Very cool. Thanks for posting.


----------



## Airframes (Aug 4, 2015)

Good one.


----------



## gjs238 (Aug 23, 2015)

I wonder which were more effective, their .30 cal or .50 cal machine guns?


----------



## gjs238 (Aug 23, 2015)

I also wonder why Japanese planes would bother expending ammo, fuel and time strafing individual automobiles - surely there were more valuable targets?


----------



## tyrodtom (Aug 23, 2015)

gjs238 said:


> I also wonder why Japanese planes would bother expending ammo, fuel and time strafing individual automobiles - surely there were more valuable targets?
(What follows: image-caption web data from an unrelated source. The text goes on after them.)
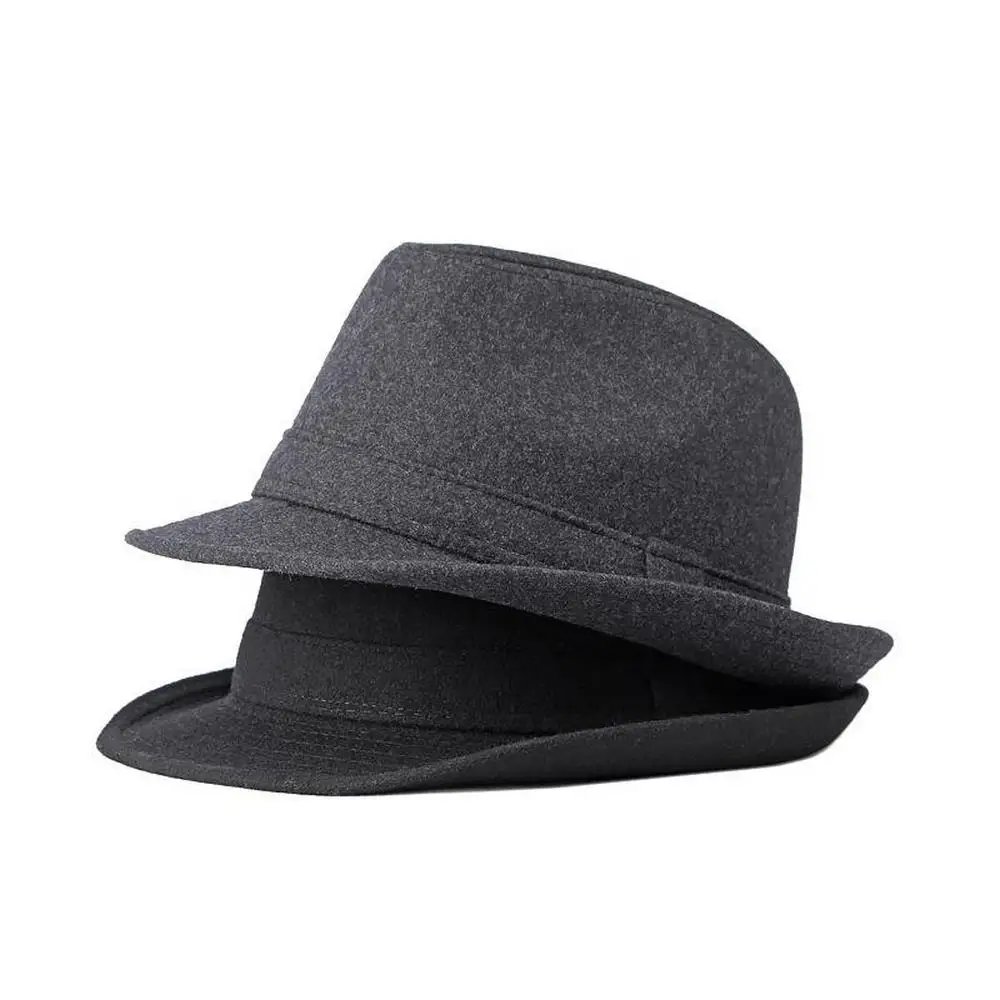 Autumn And Winter Men Gentleman Fedoras Solid Color Top Hat Woolen 56-60cm Small Brim British Style Casual LM0121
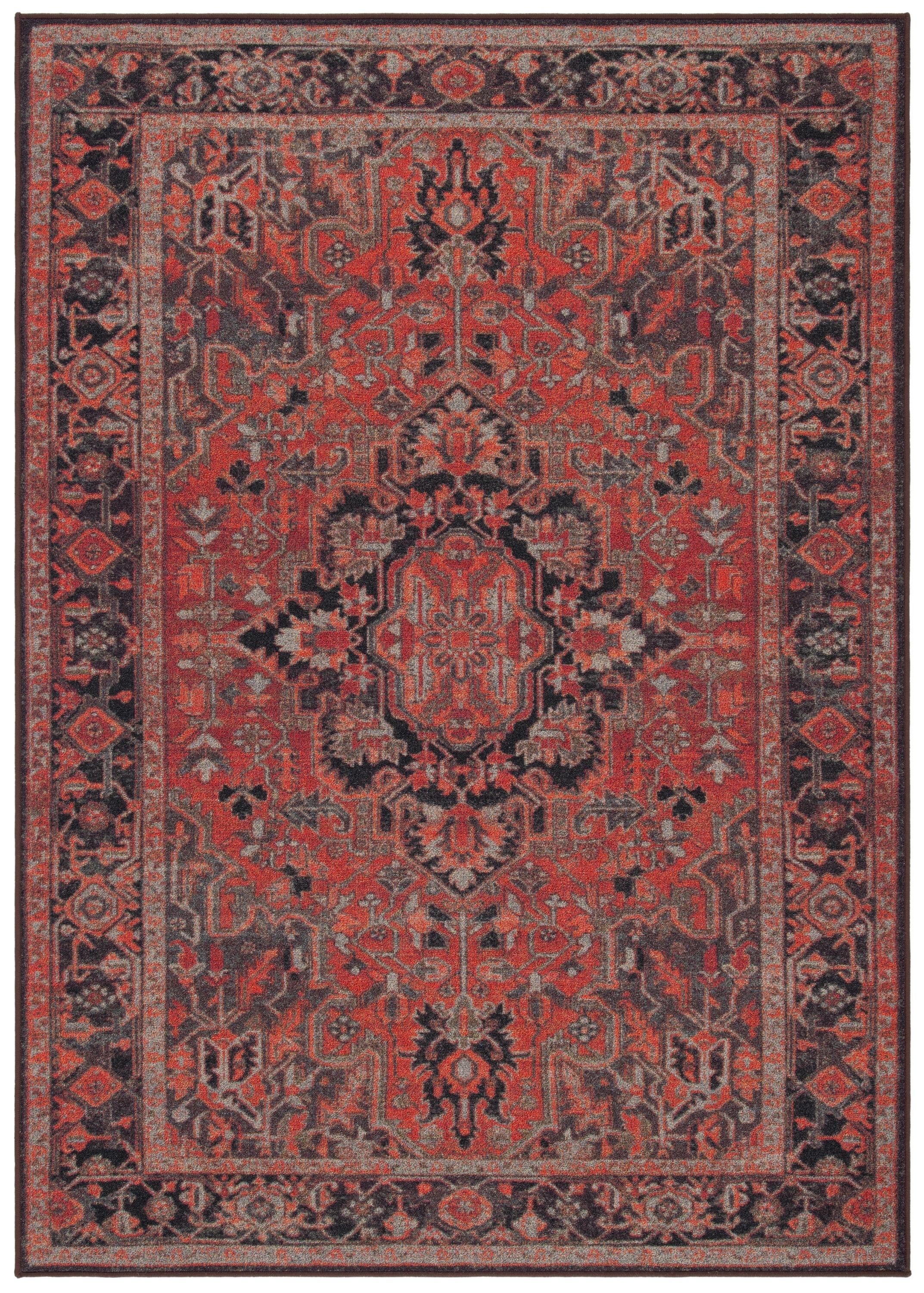 Journey Red and Navy Tufted Wool Blend Area Rug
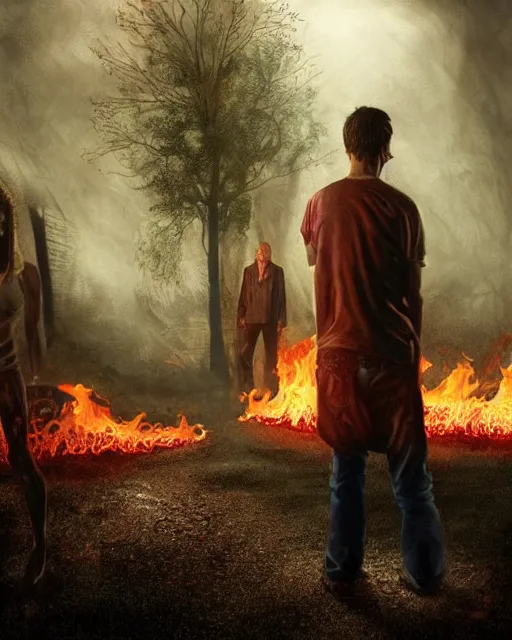 Image similar to concept illustration from the'0 0 s supernatural thriller'an open flame ', a high quality high detail digital matte painting by david mattingly and samuel araya and tim jacobus and michael whelan, hd 4 k 8 k, realistic details, photorealistic lighting, modern horror aesthetic, composition and scene layout inspired by gregory crewdson and brendon burton.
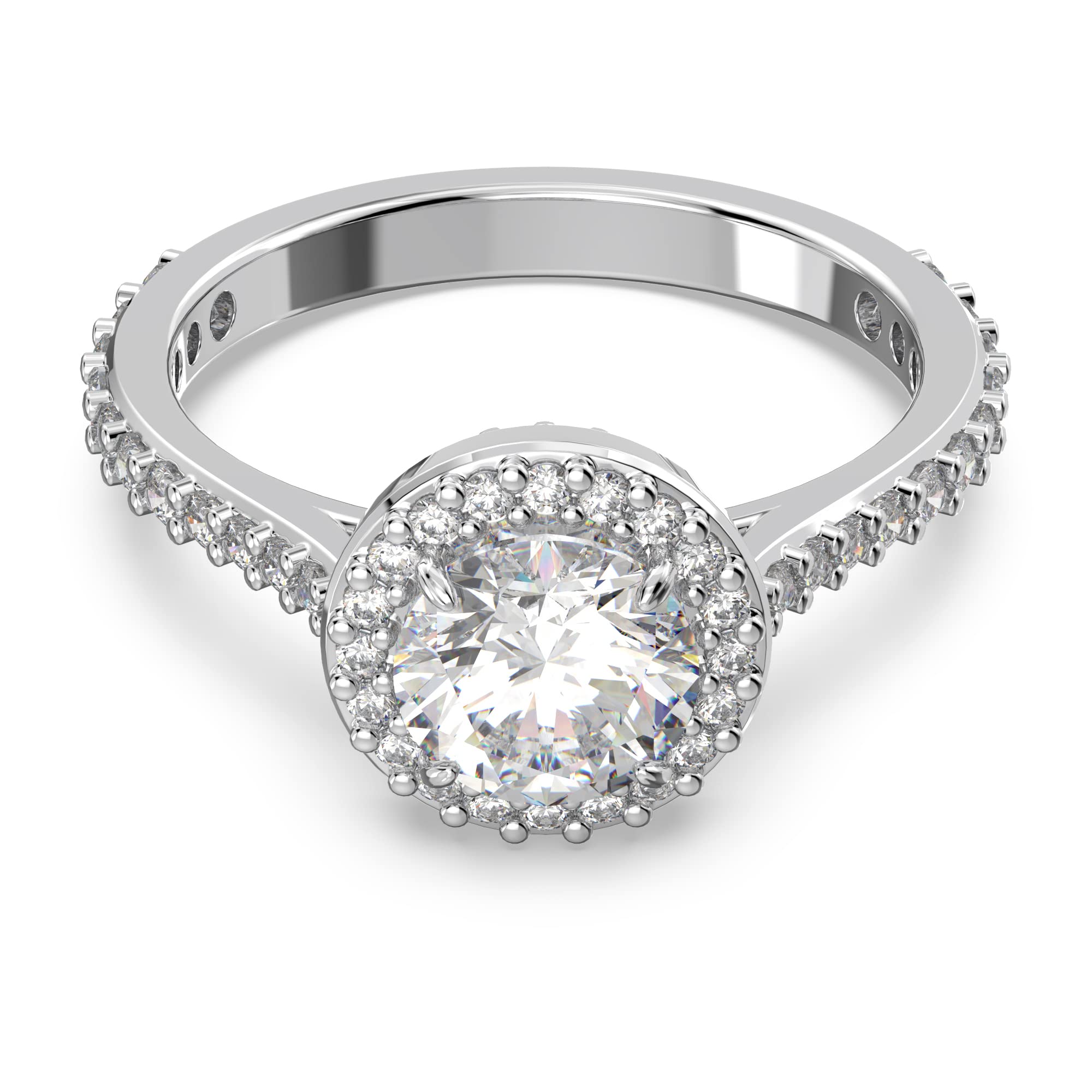 Swarovski Women's White/Silver Constella Cocktail Round Cut Pavé Rhodium Plated Ring - Size 50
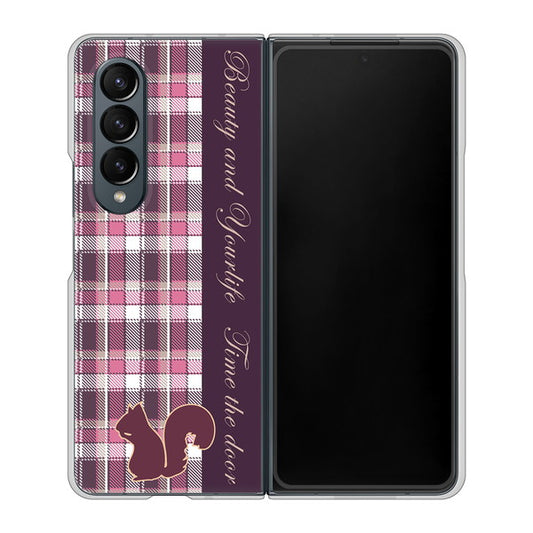 Galaxy Z Fold4 SC-55C docomo 高画質仕上げ 背面印刷 ハードケース【519 チェック柄にリス】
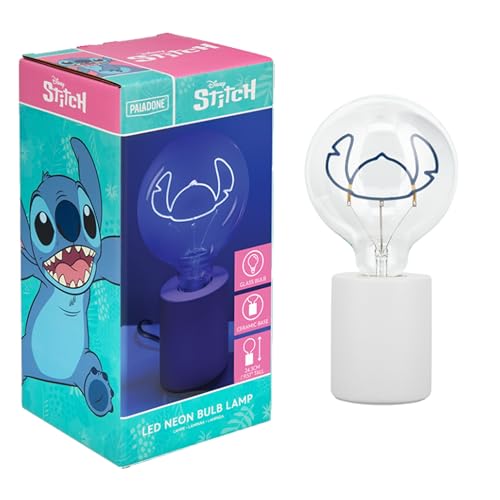Paladone Ampoule néon LED décorative Disney Stitch - Ampoule en verre E27, cadeau de collection Lilo & Stitch sous licence officielle, lumière amusante pour les chambres et les maisons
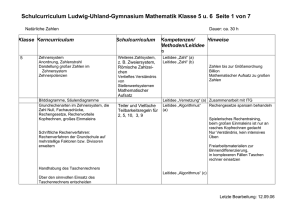 Schulcurriculum LUG Mathematik Klasse 5 u. 6 - Ludwig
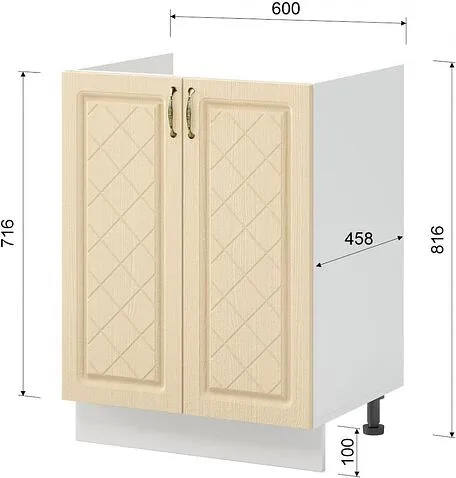 Шкаф напольный Mio Tesoro Модена ШНМ 600 (белый/дуб ваниль)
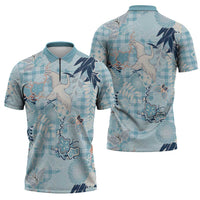 Blue Palaka Crane and Flowers Zipper Polo Shirt Japan Heritage Spirit LT9 - Polynesian Pride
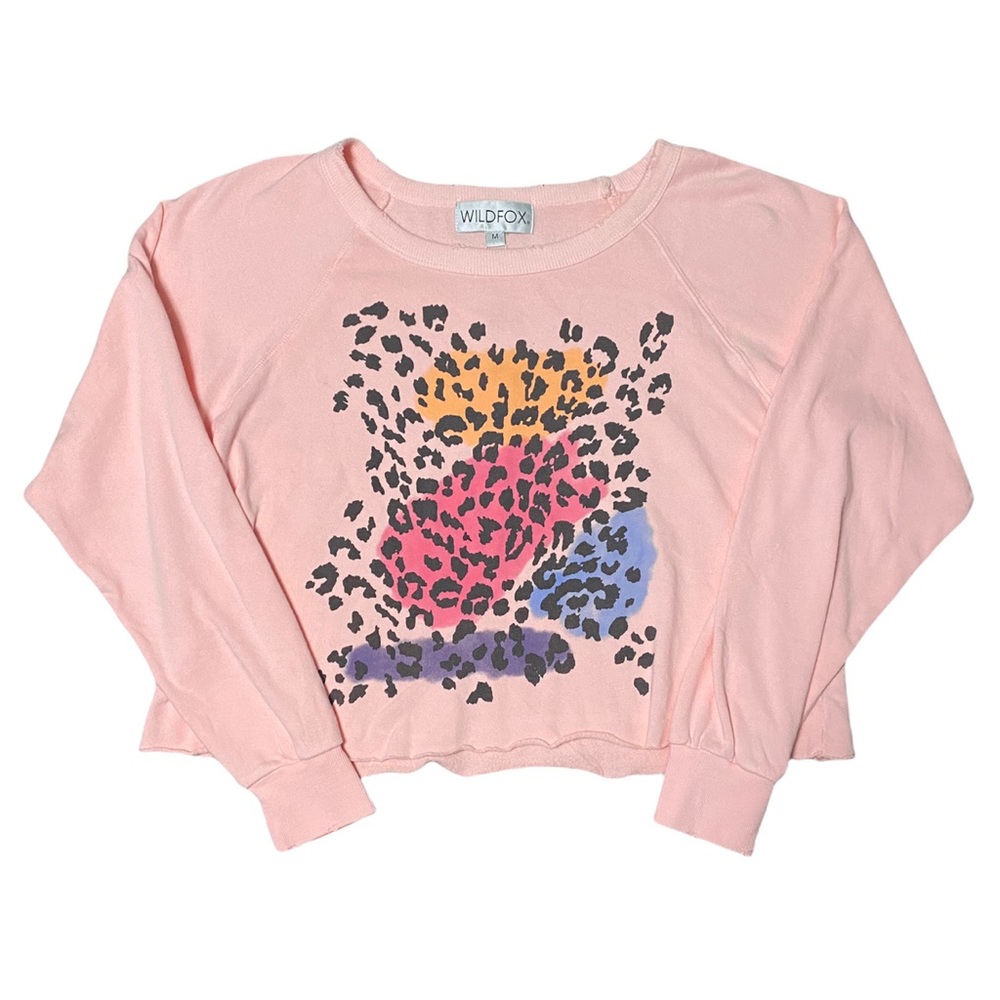 WILDFOX || Airbrush Leopard World Tour Crop in Crystal Rose - SZ Large 💗NWT💗
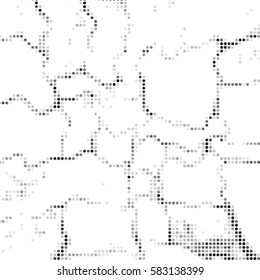 Abstract grunge grid polka dot background pattern. Spotted halftone vector line illustration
Probably the pilot thought anyone driving that fast in a big car, during a attack, was someone important, and he was right.


----------



## bobbysocks (Aug 24, 2015)

thought I saw on a previous documentry where they only used the 30s. they would have had to change the guns over for the 50s and was going to take too long so they ran what was in the ac....the 30s only


----------



## GrauGeist (Aug 24, 2015)

bobbysocks said:


> thought I saw on a previous documentry where they only used the 30s. they would have had to change the guns over for the 50s and was going to take too long so they ran what was in the ac....the 30s only


Not sure where that documentary got thier information, the P-40B had two .50 cal. MGs mounted in the engine cowling and four .30 cal. MGs in the wings (2 per wing)...the auxilliary field only had stores of .30 cal. ammunition so they went with what was available.

Great video, V2, thanks for sharing!


----------



## bishamonn (Aug 25, 2015)

Great video, thanx for posting


----------